**THE DATA**
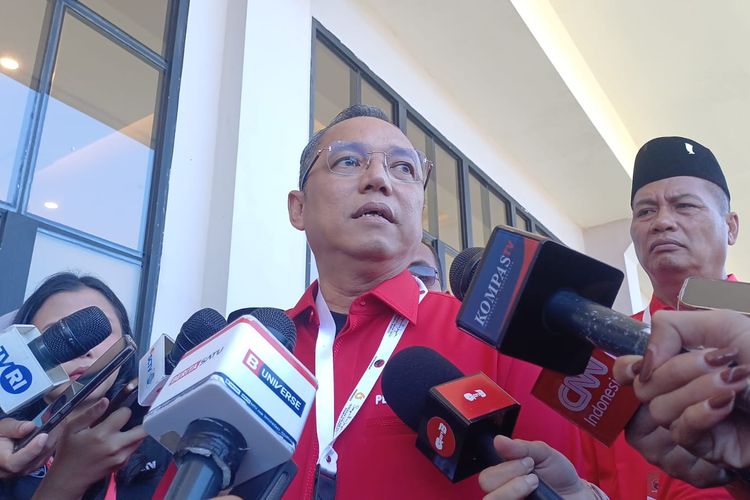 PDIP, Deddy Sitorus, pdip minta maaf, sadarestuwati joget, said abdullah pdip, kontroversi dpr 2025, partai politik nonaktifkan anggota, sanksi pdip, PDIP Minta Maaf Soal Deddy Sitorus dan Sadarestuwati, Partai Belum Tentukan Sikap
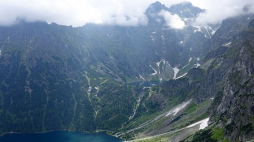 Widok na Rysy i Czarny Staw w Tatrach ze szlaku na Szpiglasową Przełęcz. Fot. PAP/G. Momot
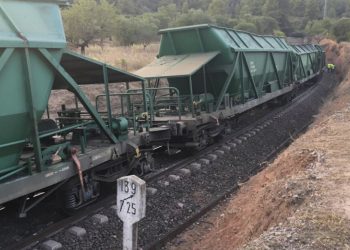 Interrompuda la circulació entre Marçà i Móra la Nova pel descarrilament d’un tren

---

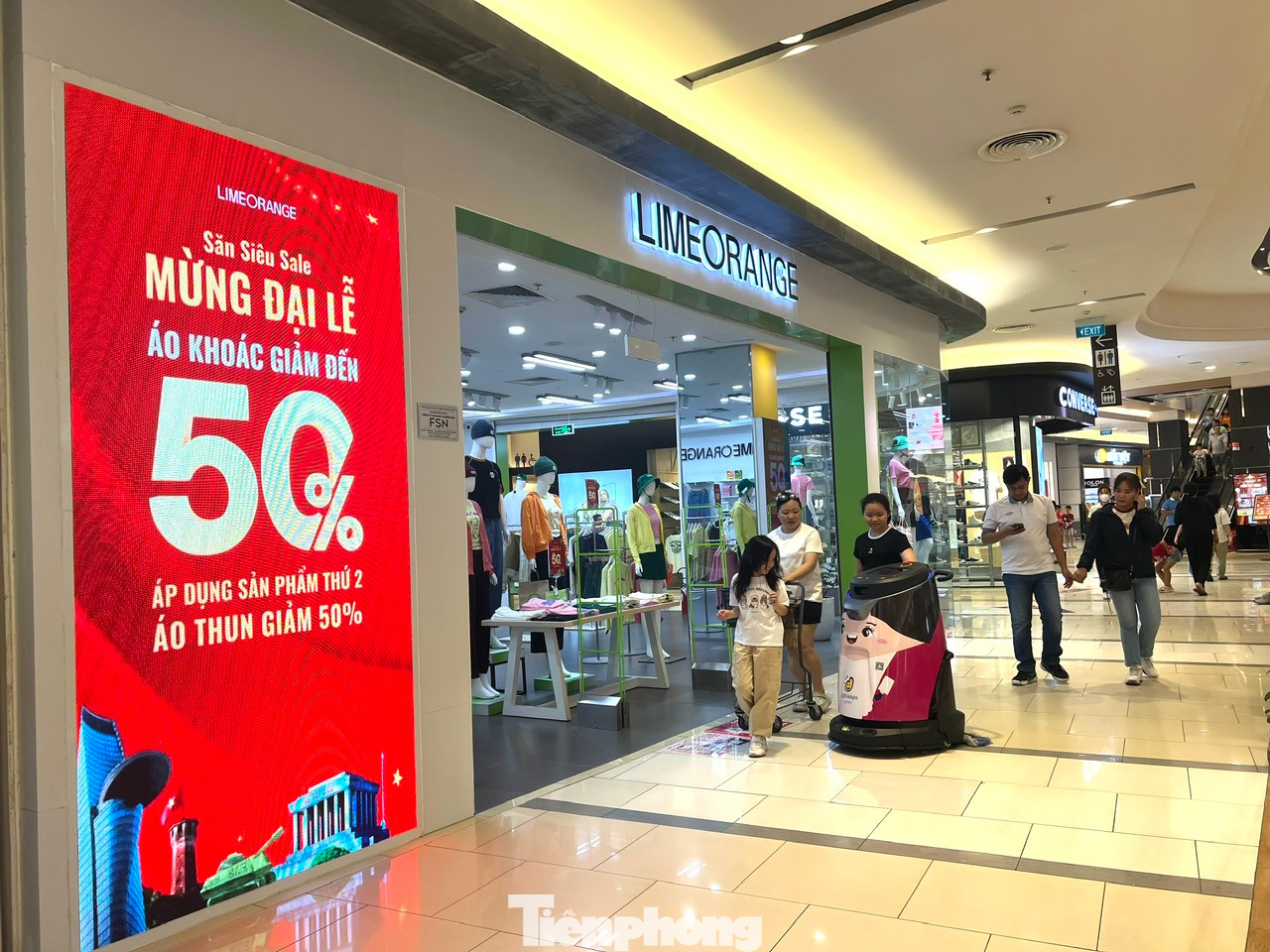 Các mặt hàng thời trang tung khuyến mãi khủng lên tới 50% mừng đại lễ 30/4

**TASK ITEM**
Look above for the line with "PDIP, Deddy Sitorus, pdip" and the line with "Interrompuda la circulació"; set down those two lines and all lines between them exactly, without pictures and without anything else.

**YOUR SOLUTION**
 PDIP, Deddy Sitorus, pdip minta maaf, sadarestuwati joget, said abdullah pdip, kontroversi dpr 2025, partai politik nonaktifkan anggota, sanksi pdip, PDIP Minta Maaf Soal Deddy Sitorus dan Sadarestuwati, Partai Belum Tentukan Sikap
 Widok na Rysy i Czarny Staw w Tatrach ze szlaku na Szpiglasową Przełęcz. Fot. PAP/G. Momot
 Interrompuda la circulació entre Marçà i Móra la Nova pel descarrilament d’un tren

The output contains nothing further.